---------- Available data
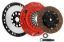 Picture of Action Clutch Transmission Clutch Kit - ACR-0483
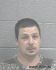Jeffrey Bunch Arrest Mugshot SRJ 9/30/2013
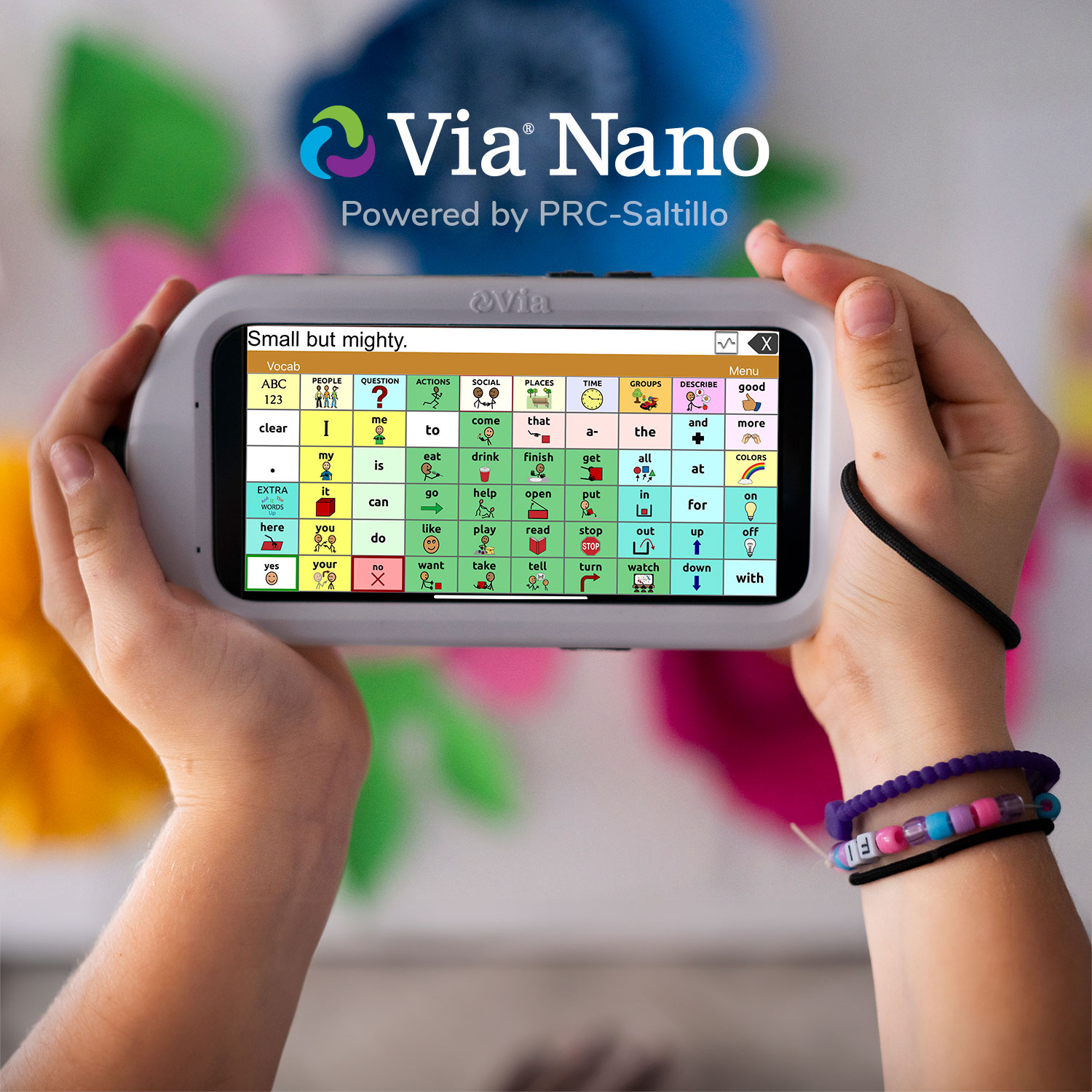 Via Nano Small But Mighty Square (1)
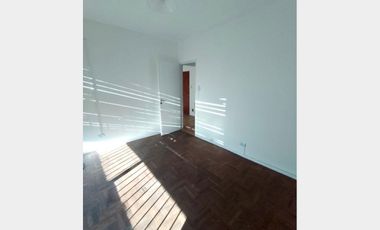 Departamento en Alquiler Ramos Mejia / La Matanza (A141 4173)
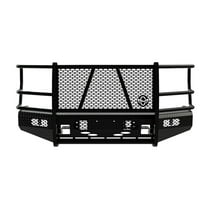 Ranch Hand FSF201BL1 Summit Series Front Bumper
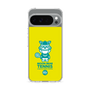 Slim Protection Case［ KEY LEGEND - MOON BEAR TENNIS ］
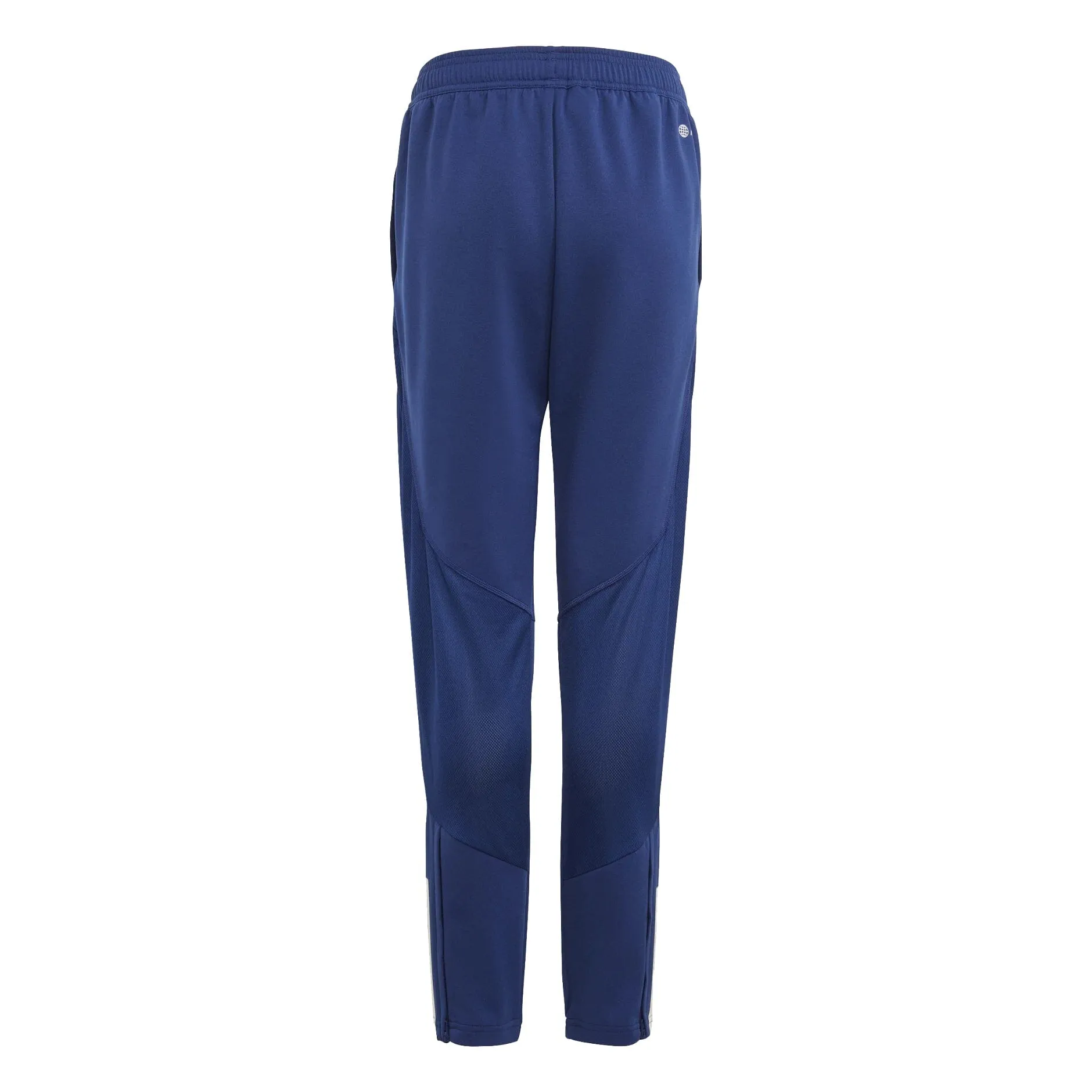 adidas Youth Italy 2023 Tiro Training Pant | HS9849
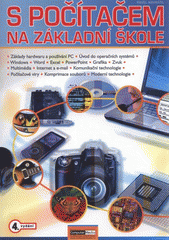 kniha S počítačem na základní škole, Computer Media 2010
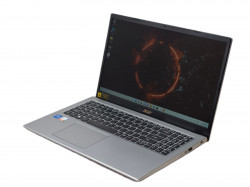 Lenovo ideapad 320-15AST 80XV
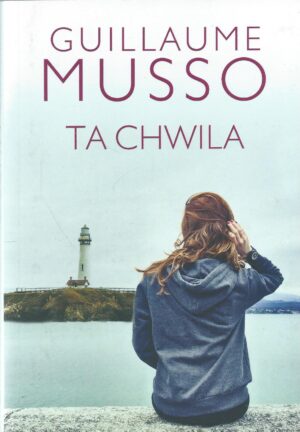 Ta chwila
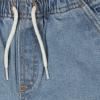Jordy Shorts -Tumble 'n Dry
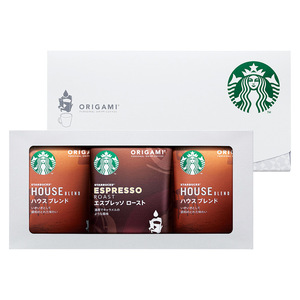 コーヒー 水 ドリンク フード スイーツ 高島屋オンラインストア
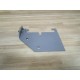 Square D HP1SBC Busway Sway Brace Collar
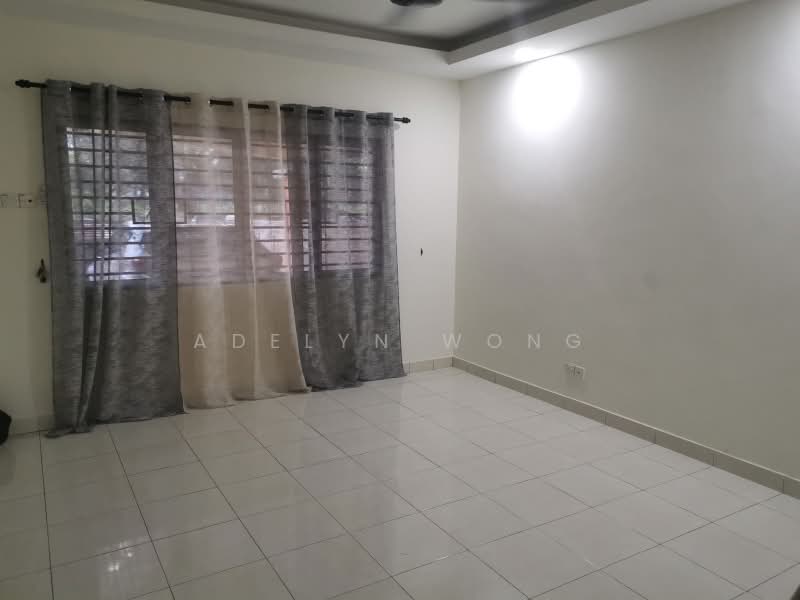 Rumah Teres 2-Tingkat untuk Disewa di Setia Damai (Setia Alam) - Adelyn Wong - PropertyGuru.com.my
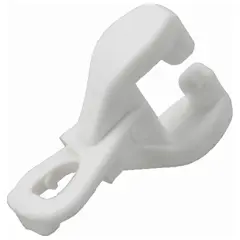 Furniglyde Curtain Fittings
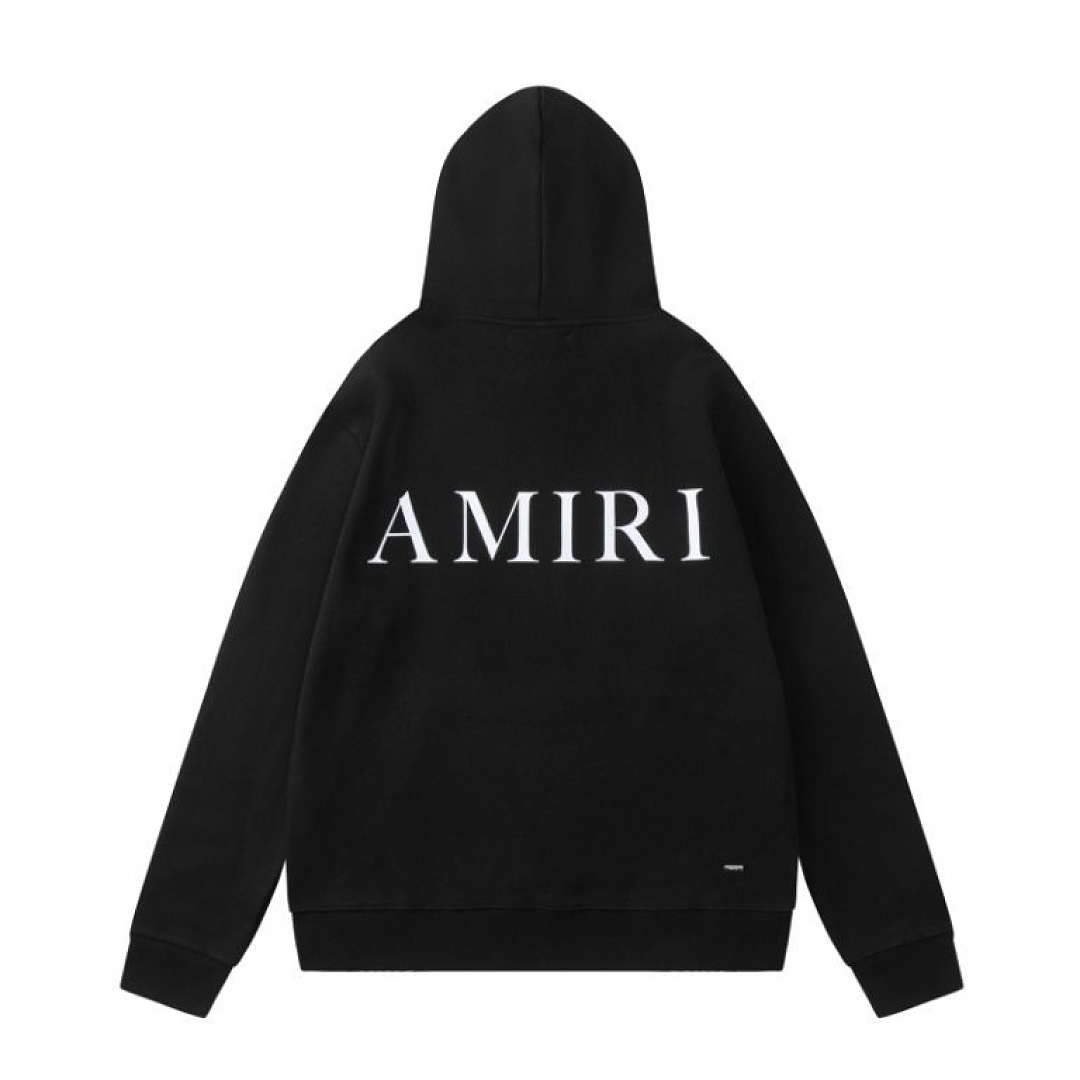 AMIRI 37189-30L - Image 8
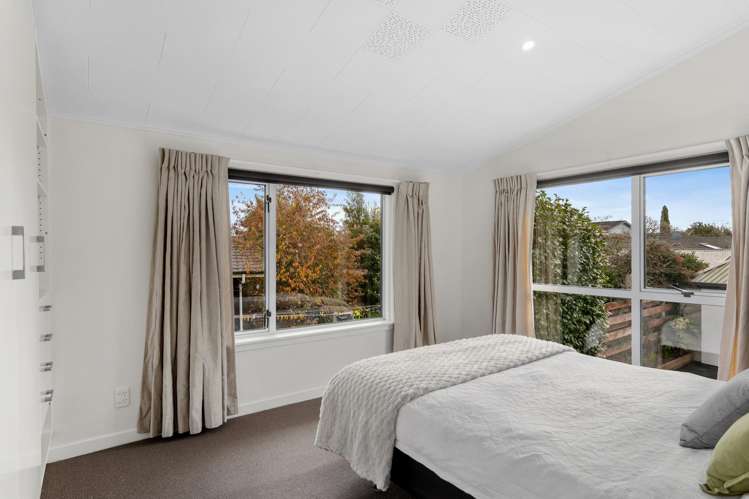 28B Lynfield Avenue Ilam_12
--------------------
▶ **About this exercise**: Restate each entry word for word; pictures stay out of the copy.

▶ **Exercise result**:
 Picture of Action Clutch Transmission Clutch Kit - ACR-0483
Jeffrey Bunch Arrest Mugshot SRJ 9/30/2013
 Via Nano Small But Mighty Square (1)
 Departamento en Alquiler Ramos Mejia / La Matanza (A141 4173)
 Ranch Hand FSF201BL1 Summit Series Front Bumper
 Slim Protection Case［ KEY LEGEND - MOON BEAR TENNIS ］
 adidas Youth Italy 2023 Tiro Training Pant | HS9849
 kniha S počítačem na základní škole, Computer Media 2010
 Lenovo ideapad 320-15AST 80XV
 Ta chwila
Jordy Shorts -Tumble 'n Dry
 コーヒー 水 ドリンク フード スイーツ 高島屋オンラインストア
 Square D HP1SBC Busway Sway Brace Collar
 Rumah Teres 2-Tingkat untuk Disewa di Setia Damai (Setia Alam) - Adelyn Wong - PropertyGuru.com.my
 Furniglyde Curtain Fittings
 AMIRI 37189-30L - Image 8
 28B Lynfield Avenue Ilam_12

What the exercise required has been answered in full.